This excerpt taken from the UNH 8-K filed Jul 2, 2008.
Settlement of Securities Class Action
On July 2, 2008, the Company announced in a press release that it has reached an agreement in principle with the lead plaintiff California Public Employees Retirement System (CalPERS) and plaintiff class representative Alaska Plumbing and Pipefitting Industry Pension Trust, on behalf of themselves and members of the class, to settle the federal securities class action lawsuit arising from the consolidated amended complaint filed on December 8, 2006 in the U.S. District Court in Minnesota against the Company and certain of its current and former officers and directors relating to its historical stock option practices. The proposed settlement will fully resolve all claims against the Company, all current officers and directors of the Company named in the lawsuit, and certain former officers and directors of the Company named in the lawsuit. No parties admit any wrongdoing as part of the proposed settlement.
Under the terms of the proposed settlement, the Company will pay $895 million into a settlement fund for the benefit of class members in two installments. The first installment of $450 million will be deposited into the settlement fund on the earlier of: (i) 10 days following preliminary court approval of the settlement or (ii) September 15, 2008. The remaining $445 million settlement amount will be deposited into the settlement fund on the earlier of: (i) 10 days following final non-appealable court approval of the settlement of the claims, (ii) 10 days following execution by the plaintiffs and the non-settling defendants of an agreement in principle for the settlement of the claims against the non-settling defendants, or (iii) January 1, 2009. The principal amount of the second installment will bear interest from the date of the deposit of the first installment until paid at 4.5% per annum.

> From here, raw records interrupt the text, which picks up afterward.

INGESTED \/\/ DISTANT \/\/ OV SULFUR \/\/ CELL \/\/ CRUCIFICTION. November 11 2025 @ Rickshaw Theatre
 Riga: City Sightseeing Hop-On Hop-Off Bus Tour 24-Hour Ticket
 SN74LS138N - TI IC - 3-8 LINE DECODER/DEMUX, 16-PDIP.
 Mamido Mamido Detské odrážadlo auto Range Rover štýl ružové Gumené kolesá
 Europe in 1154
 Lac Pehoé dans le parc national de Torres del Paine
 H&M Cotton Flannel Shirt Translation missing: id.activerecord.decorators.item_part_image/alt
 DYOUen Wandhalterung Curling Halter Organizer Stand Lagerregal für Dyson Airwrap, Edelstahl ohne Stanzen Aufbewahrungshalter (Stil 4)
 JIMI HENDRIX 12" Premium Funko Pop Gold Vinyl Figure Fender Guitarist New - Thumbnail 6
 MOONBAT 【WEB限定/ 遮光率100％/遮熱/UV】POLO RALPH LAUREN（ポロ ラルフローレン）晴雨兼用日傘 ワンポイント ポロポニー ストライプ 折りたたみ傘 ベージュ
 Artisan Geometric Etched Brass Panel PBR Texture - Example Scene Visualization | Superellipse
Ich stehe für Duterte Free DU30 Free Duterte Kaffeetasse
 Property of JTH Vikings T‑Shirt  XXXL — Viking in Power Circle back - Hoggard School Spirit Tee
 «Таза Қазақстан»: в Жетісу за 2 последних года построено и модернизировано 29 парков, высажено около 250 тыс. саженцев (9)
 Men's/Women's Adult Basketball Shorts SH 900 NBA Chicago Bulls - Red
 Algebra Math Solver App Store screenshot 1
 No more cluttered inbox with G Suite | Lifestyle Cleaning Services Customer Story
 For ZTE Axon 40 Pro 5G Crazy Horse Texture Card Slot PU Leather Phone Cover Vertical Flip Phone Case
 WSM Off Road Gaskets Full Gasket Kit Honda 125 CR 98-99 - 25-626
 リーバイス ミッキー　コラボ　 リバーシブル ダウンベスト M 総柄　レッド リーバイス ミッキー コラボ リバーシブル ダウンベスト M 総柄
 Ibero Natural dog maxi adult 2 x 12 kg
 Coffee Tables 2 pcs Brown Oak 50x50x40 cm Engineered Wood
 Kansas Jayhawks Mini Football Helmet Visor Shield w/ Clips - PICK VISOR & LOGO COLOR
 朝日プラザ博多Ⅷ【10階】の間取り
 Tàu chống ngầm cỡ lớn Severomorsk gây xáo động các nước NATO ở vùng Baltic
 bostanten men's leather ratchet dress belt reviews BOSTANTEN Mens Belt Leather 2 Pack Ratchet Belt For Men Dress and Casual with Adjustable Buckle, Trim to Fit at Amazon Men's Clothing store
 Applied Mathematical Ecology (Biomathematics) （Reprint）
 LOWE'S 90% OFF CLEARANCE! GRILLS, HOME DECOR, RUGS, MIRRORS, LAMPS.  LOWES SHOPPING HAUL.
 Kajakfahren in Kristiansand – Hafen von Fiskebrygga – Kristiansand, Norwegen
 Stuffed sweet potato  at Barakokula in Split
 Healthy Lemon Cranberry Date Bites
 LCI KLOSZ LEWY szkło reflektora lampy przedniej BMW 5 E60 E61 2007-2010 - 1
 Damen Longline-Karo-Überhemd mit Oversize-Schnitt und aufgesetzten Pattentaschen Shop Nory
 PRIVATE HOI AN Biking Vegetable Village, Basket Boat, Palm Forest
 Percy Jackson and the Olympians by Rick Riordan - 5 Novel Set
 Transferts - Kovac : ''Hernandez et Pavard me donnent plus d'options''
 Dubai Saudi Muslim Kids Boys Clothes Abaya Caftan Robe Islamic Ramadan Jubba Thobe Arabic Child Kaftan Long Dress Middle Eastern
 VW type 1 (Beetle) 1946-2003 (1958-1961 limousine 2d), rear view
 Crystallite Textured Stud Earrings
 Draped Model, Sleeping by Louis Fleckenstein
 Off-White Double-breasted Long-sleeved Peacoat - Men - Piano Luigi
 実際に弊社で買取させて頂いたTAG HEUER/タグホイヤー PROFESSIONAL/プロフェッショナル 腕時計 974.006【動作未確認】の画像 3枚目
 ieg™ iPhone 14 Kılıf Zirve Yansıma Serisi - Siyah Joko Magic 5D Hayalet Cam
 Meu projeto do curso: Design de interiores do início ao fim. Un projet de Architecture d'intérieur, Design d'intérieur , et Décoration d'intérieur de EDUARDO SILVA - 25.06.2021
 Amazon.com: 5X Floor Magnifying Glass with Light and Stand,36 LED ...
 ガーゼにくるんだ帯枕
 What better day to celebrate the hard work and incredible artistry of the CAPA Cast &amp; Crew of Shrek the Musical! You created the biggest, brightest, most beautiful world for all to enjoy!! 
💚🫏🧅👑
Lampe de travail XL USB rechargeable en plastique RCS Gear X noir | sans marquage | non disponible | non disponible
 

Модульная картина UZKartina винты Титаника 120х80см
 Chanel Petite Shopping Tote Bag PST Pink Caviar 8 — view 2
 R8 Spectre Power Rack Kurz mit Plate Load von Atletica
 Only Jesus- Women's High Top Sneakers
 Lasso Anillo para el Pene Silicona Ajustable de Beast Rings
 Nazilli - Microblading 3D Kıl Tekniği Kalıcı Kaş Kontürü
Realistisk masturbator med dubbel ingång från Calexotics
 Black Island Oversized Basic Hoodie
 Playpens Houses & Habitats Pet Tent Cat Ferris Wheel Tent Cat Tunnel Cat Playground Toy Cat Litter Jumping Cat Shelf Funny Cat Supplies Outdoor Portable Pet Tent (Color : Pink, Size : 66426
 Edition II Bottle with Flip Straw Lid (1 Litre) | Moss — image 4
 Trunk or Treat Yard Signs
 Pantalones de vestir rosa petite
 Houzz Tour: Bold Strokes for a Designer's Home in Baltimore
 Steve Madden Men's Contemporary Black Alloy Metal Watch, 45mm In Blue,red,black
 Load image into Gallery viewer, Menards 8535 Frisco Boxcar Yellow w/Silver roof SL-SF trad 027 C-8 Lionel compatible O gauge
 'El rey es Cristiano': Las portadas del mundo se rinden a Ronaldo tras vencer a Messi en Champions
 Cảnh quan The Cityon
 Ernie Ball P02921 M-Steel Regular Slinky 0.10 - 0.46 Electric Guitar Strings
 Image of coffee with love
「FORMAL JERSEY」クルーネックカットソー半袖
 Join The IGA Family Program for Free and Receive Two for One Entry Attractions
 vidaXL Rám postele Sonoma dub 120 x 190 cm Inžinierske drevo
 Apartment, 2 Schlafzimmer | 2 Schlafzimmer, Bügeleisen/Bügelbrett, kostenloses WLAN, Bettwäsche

In addition to the payment to the settlement fund, the Company will also supplement the substantial changes it has already implemented in its corporate governance policies with additional changes and enhancements.
The proposed settlement is subject to approval by the boards of directors of CalPERS and the Company, the completion of final documentation, and preliminary and final court approval. Further, the Company has the right to terminate the settlement if class members representing more than a specified amount of alleged securities losses elect to opt out of the settlement.